Field note — A.J., UIG Data Lab

Every pattern above is idempotent by design. That is not optional. The single most common cause of production notebook incidents — across every team I have worked with — is a notebook that cannot be safely rerun after a partial failure. If your notebook is not safe to rerun, it is not production-ready, regardless of how well it performs on the first run.

Section 03

Performance Optimization

Fabric Notebooks bill by CU-second. Slow notebooks are expensive notebooks.
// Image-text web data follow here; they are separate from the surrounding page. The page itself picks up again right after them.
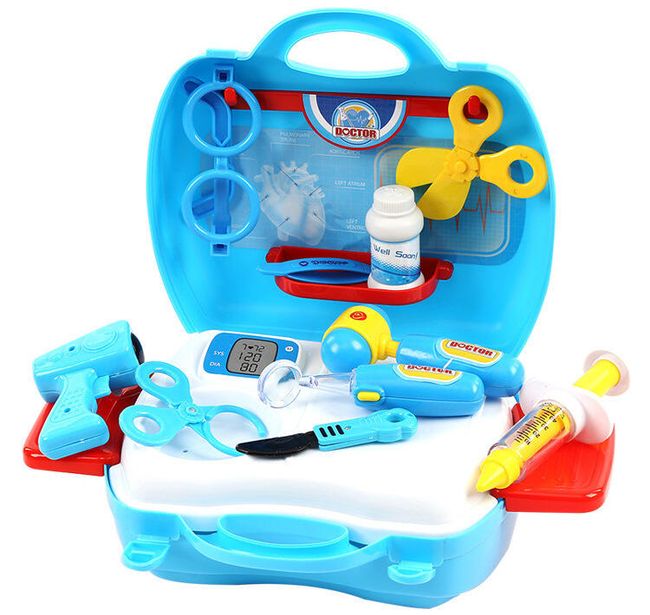 Detský kufrík s hračkami - rôzne typy 1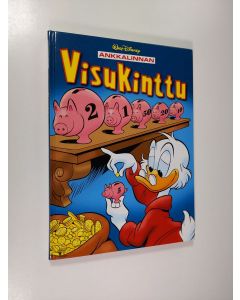 käytetty kirja Ankkalinnan visukinttu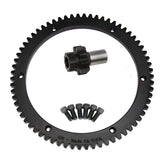 Starter Ring Gear Kit, 66t Starter Ring Gears Evolution Industries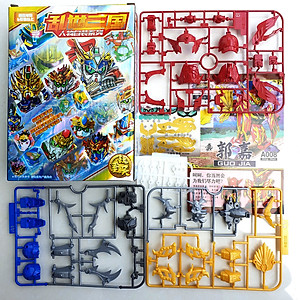 Đồ Chơi Lắp Ráp Gundam A008 Quách Gia Lắp Ghép, Xếp Hình - Gundam Tam Quốc Chí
The four levers below address 90% of performance problems seen in production Fabric deployments.

📦

Partition by Date or Business Key

Target 0.5–2 GB per partition file
Too small → small file problem, slow metadata reads
Too large → poor parallelism, slower individual tasks
Partition by year, month for time-series tables

📡

Broadcast Small Dimension Tables

Tables under 100 MB should always be broadcast
Eliminates shuffle join — biggest single speed gain
Use broadcast(dim_df) in the join expression
10–100× faster than shuffle join at large scale

🎯

Filter Before Joins

Push predicates as early as possible
Predicate pushdown reduces data read from storage
Never join full tables then filter — always filter first
Reduces shuffle volume by 50–99% on date-filtered loads

⚡

V-Order and Liquid Clustering

V-Order is enabled by default — do not disable it
Liquid Clustering replaces static partitioning for complex queries
Use clusteringColumns for multi-dimensional access patterns
50–80% read time reduction for filtered analytical queries

Shuffle Partition Tuning

The default shuffle partition count (200) is wrong for most Fabric workloads — either far too high for small datasets or too low for very large ones. Set it at the top of your configuration cell based on data volume. (For a deep dive, read our Spark Shuffle Partitions Optimization guide).

PySpark — partition and performance configuration

# Rule of thumb: 1 shuffle partition per 128 MB of data post-filter
# Small dataset (< 5 GB): 8–16 partitions
# Medium dataset (5–100 GB): 100–400 partitions
# Large dataset (> 100 GB): 800–2000 partitions

spark.conf.set("spark.sql.shuffle.partitions", "200")
spark.conf.set("spark.databricks.delta.optimizeWrite.enabled", "true")
spark.conf.set("spark.databricks.delta.autoCompact.enabled", "true")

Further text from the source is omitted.